## Requirement
Please repeat, from the entries that follow, the lines from the one containing "Cat Scratching Mat" through the one containing "Set Of 2 - Mothercare Green Onesies" exactly, adding nothing.

## Records for processing
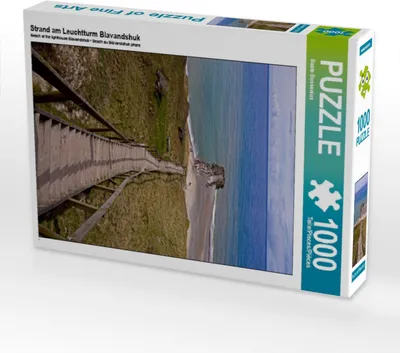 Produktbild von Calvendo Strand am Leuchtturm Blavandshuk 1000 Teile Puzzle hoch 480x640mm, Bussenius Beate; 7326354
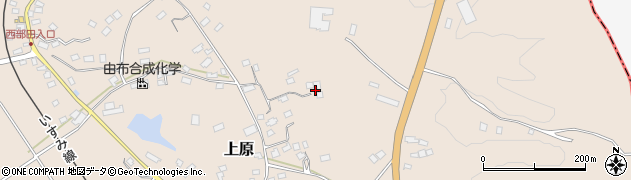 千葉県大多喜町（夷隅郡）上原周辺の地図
==
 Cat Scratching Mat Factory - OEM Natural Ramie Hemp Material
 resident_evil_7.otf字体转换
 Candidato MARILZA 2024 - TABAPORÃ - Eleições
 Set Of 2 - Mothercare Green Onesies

## Problem solution
 Cat Scratching Mat Factory - OEM Natural Ramie Hemp Material
 resident_evil_7.otf字体转换
 Candidato MARILZA 2024 - TABAPORÃ - Eleições
 Set Of 2 - Mothercare Green Onesies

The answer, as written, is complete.